*Aim of the exercise*
Could you transcribe the entries below exactly, starting at the line that contains "Mini V By Very" and stopping at the last line, without any pictures?

*The input*
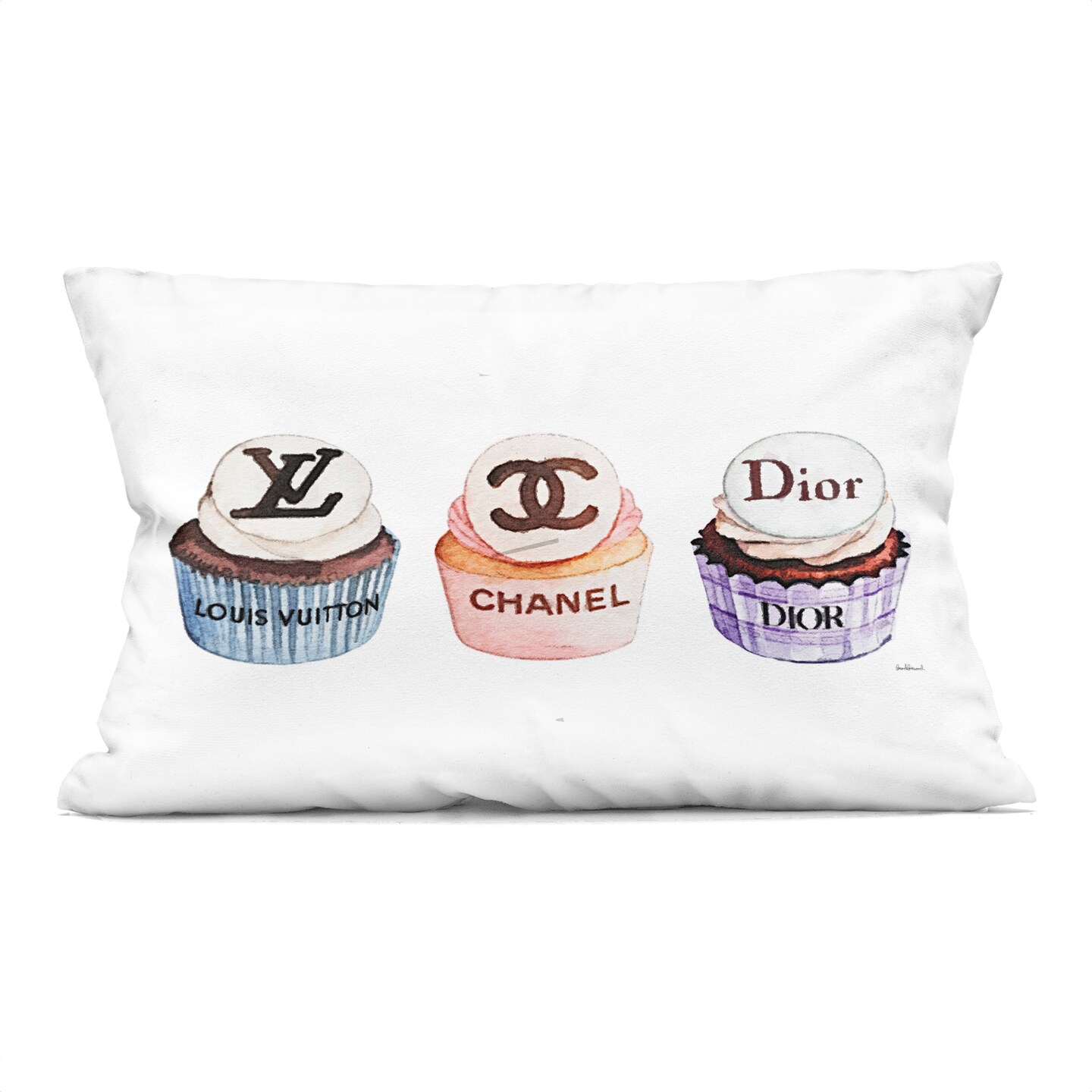 Stupell Industries Chic Fashion Cupcake Trio Decorative Printed Throw Pillow design by Amanda Greenwood, 14 x 7 x 20
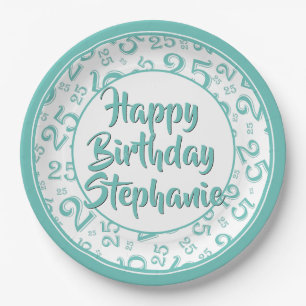 25th Party Random Number Pattern Teal/White Paper Plate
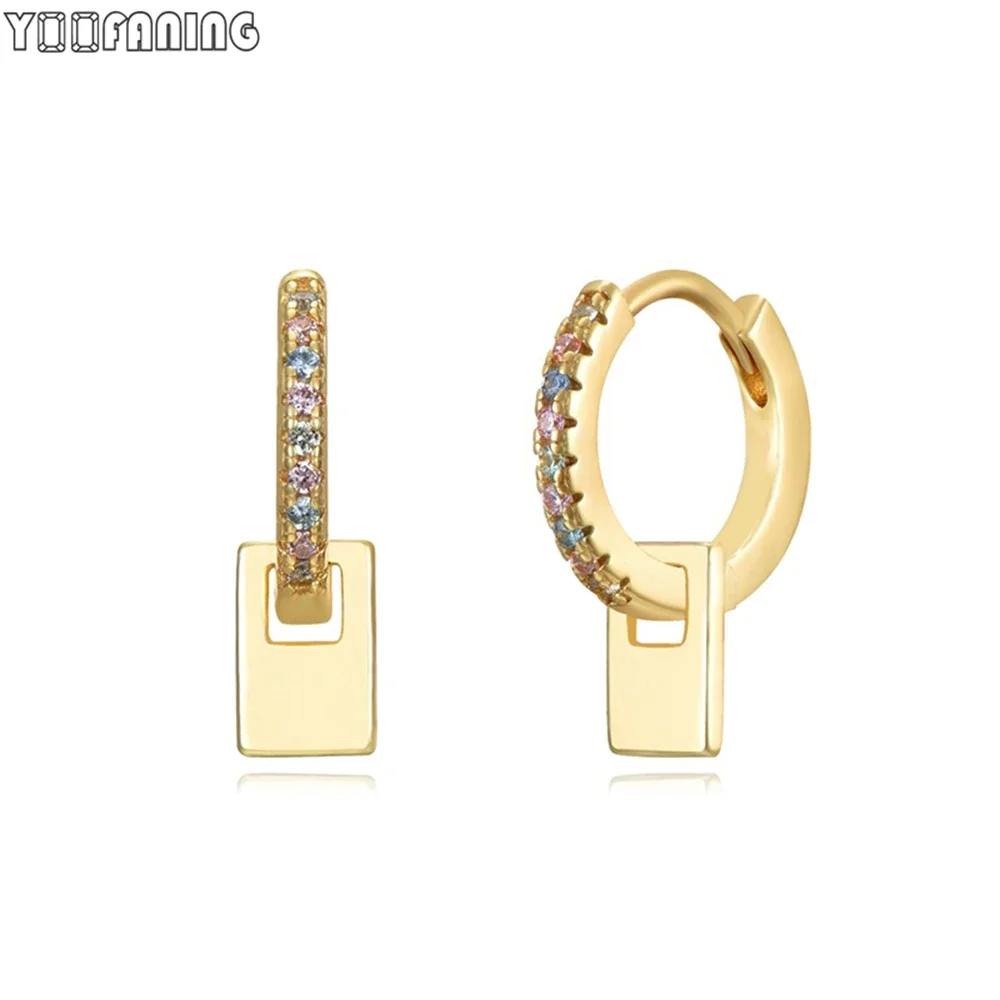 925 prata esterlina orelha agulha moda luz luxo ouro hoop brincos exclusivo pendurado tag design requintado brincos para mulher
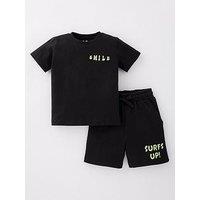 Mini V By Very Boys Surf Back Print T-Shirt And Short Set - Multi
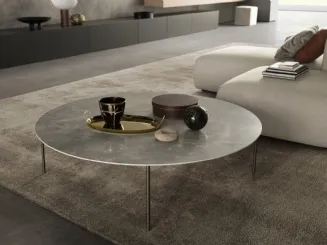 Tavolino Darwin rotondo con top in ceramica e base in metallo di Presotto
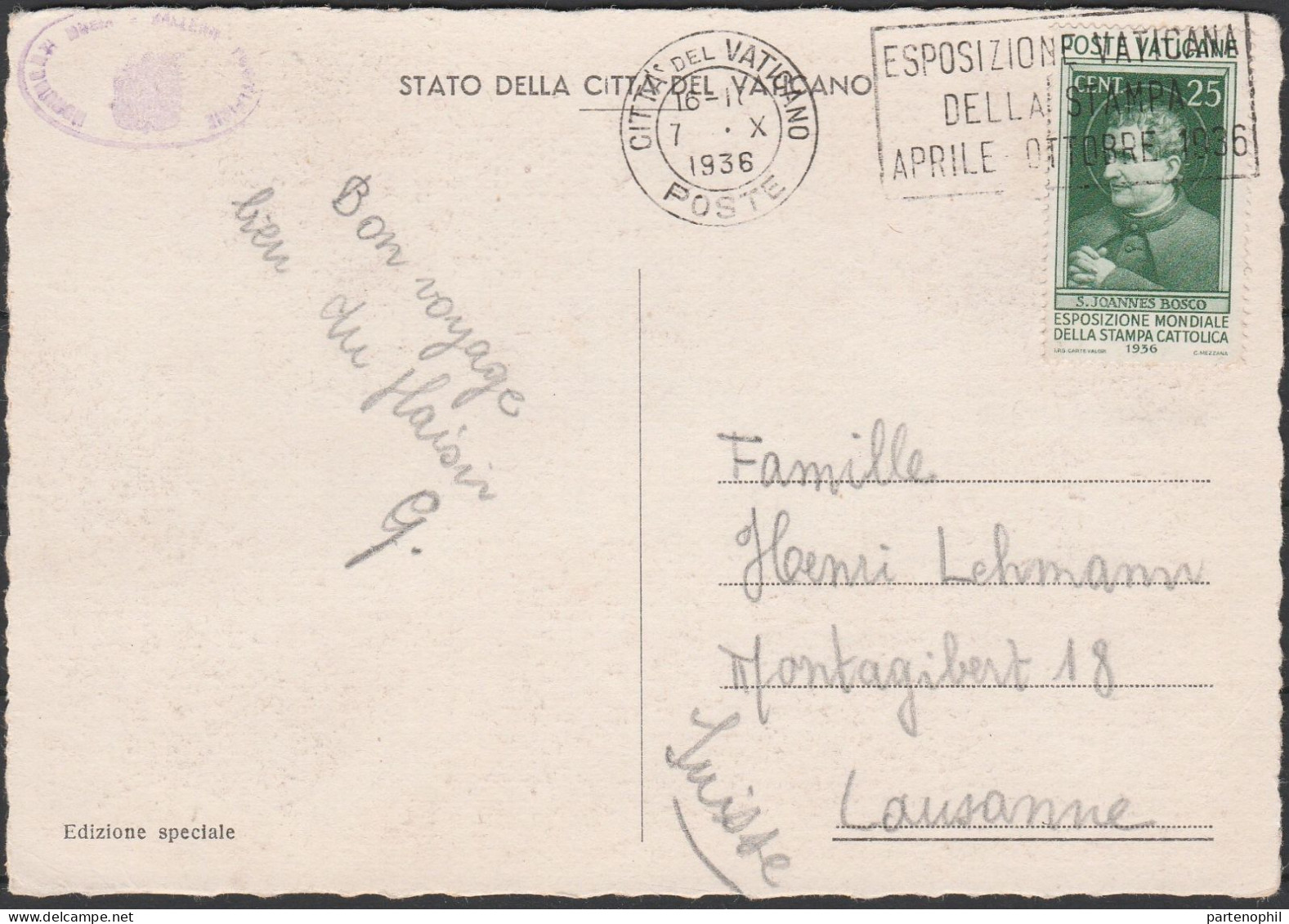 Lotto 429 27/10/1936 - Cartolina Affrancata Con Esposizione Mondiale Stampa Cattolica 25 C. SPL - Brieven En Documenten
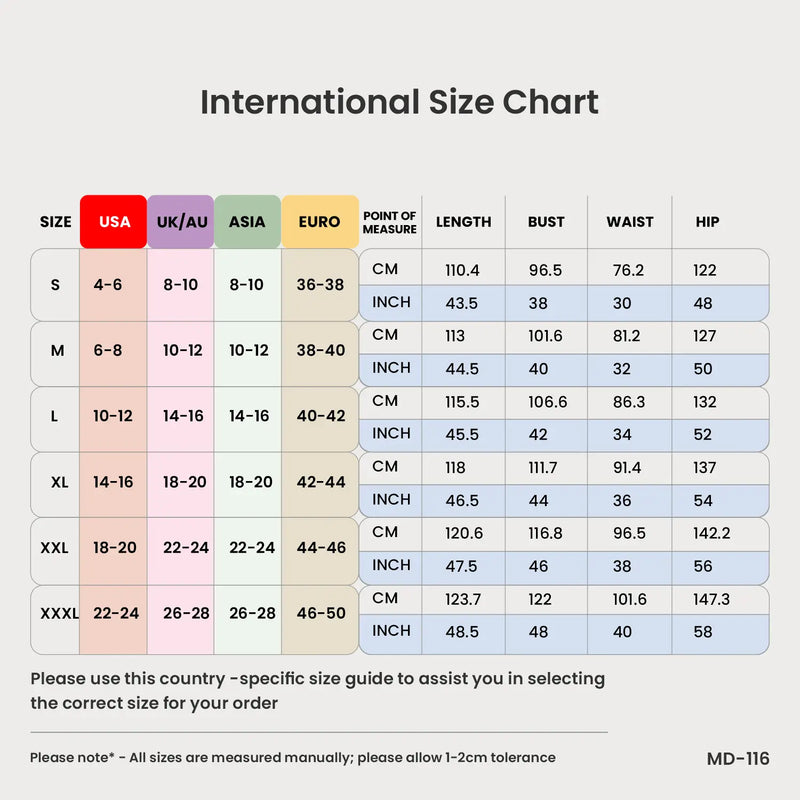 Size Chart for Tonal Embroidered Midnight Blue Casual Midi Dress - Available in 2 Colors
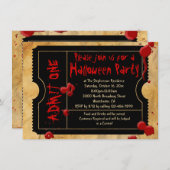 Blood Splatter  Halloween Party Ticket Kaart (Voorkant / Achterkant)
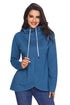 Sexy Blue Casual Asymmetric Hem Pullover Hoodie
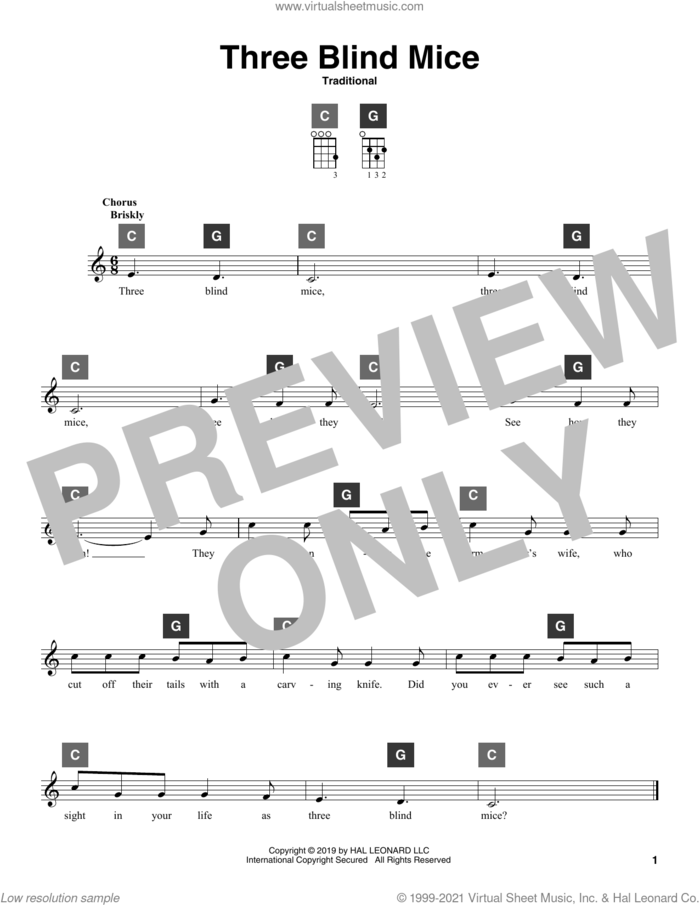 Three Blind Mice sheet music for ukulele solo (ChordBuddy system), intermediate ukulele (ChordBuddy system)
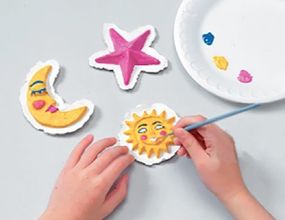 Paint the paper craft magnets in your favorite colors.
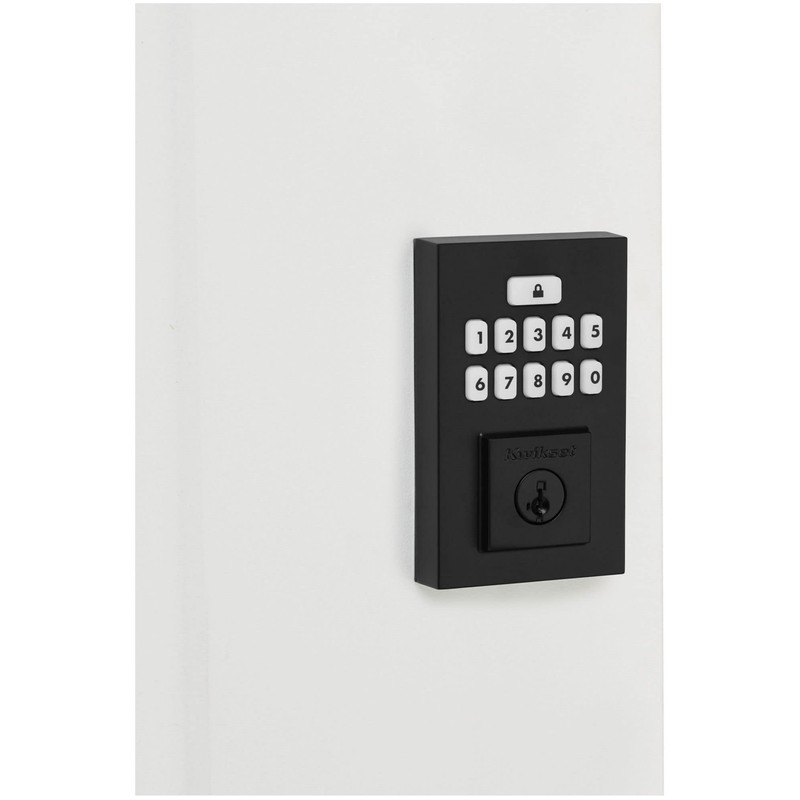 Kwikset 9260CNT-514S Contemporary SmartCode Keypad Electronic Deadbolt SmartKey Matte Black
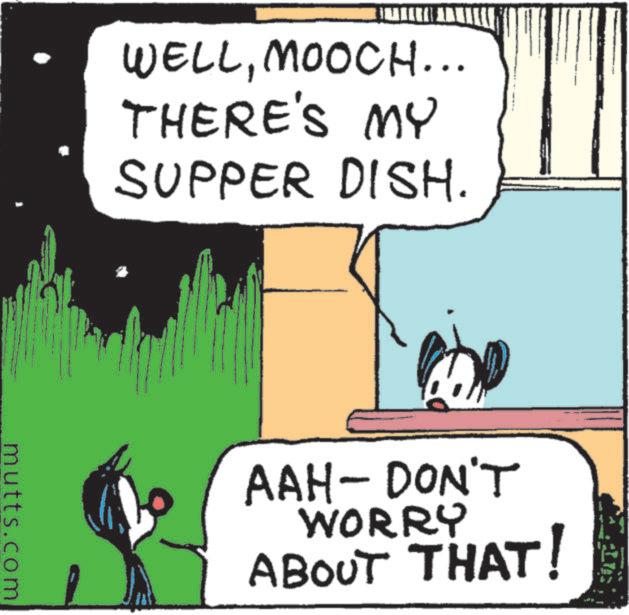 Publication OCR: WELLMOOCH... THERE'S MY SUPPER DISH. mutts.com AAH-DON'T WORRY ABOUT THAT! WELLMOOCH ... THERE'S MY SUPPER DISH . mutts.com AAH - DON'T WORRY ABOUT THAT !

*The completed task*
 Mini V By Very Boys Surf Back Print T-Shirt And Short Set - Multi
 Tavolino Darwin rotondo con top in ceramica e base in metallo di Presotto
 Lotto 429 27/10/1936 - Cartolina Affrancata Con Esposizione Mondiale Stampa Cattolica 25 C. SPL - Brieven En Documenten
 Size Chart for Tonal Embroidered Midnight Blue Casual Midi Dress - Available in 2 Colors
 Blood Splatter  Halloween Party Ticket Kaart (Voorkant / Achterkant)
 Sexy Blue Casual Asymmetric Hem Pullover Hoodie
 Three Blind Mice sheet music for ukulele solo (ChordBuddy system), intermediate ukulele (ChordBuddy system)
 Paint the paper craft magnets in your favorite colors.
 Kwikset 9260CNT-514S Contemporary SmartCode Keypad Electronic Deadbolt SmartKey Matte Black
 Publication OCR: WELLMOOCH... THERE'S MY SUPPER DISH. mutts.com AAH-DON'T WORRY ABOUT THAT! WELLMOOCH ... THERE'S MY SUPPER DISH . mutts.com AAH - DON'T WORRY ABOUT THAT !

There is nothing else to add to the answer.